Both circumstances don’t contain rulings on the last word constitutionality of the challenged mandates. Those challenges will nonetheless proceed within the decrease courts and will attain a distinct consequence as soon as they’re totally briefed, tried, and finally appealed. These rulings concern requests to remain or forbid the enforcement of the mandates whereas they’re fought over. The purpose for the totally different outcomes rests on the opinions of Chief Justice John Roberts and Justice Brett Kavanaugh. They joined with the conservative bloc within the OSHA resolution and the left bloc on the healthcare amenities mandate.
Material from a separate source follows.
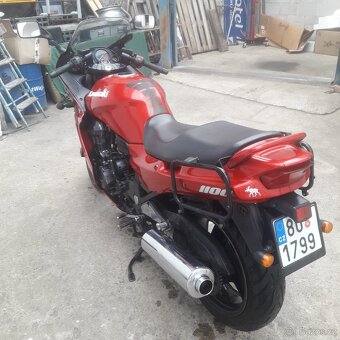 Kawasaki GPZ 1100 - 4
The keep within the OSHA case was a “per curiam” opinion, with authorship not attributed to anyone justice. We know that Justices Stephen Breyer, Elena Kagan, and Sonya Sotomayor dissented, nevertheless, as a result of all of them joined in a gaggle dissent, a rarity on the High Court. They mentioned:
“Acting outside of its competence and without legal basis, the Court displaces the judgments of the Government officials given the responsibility to respond to workplace health emergencies. We respectfully dissent.”
For the medical amenities case, that was one other per curiam ruling. Justices Clarence Thomas and Samuel Alito wrote individually in dissent and have been joined by one another, and Justices Neil Gorsuch and Amy Coney Barrett. Thomas wrote:
“These cases are not about the efficacy or importance of COVID–19 vaccines. They are only about whether CMS has the statutory authority to force healthcare workers, by coercing their employers, to undergo a medical procedure they do not want and cannot undo. Because the Government has not made a strong showing that Congress gave CMS that broad authority, I would deny the stays pending appeal. I respectfully dissent.”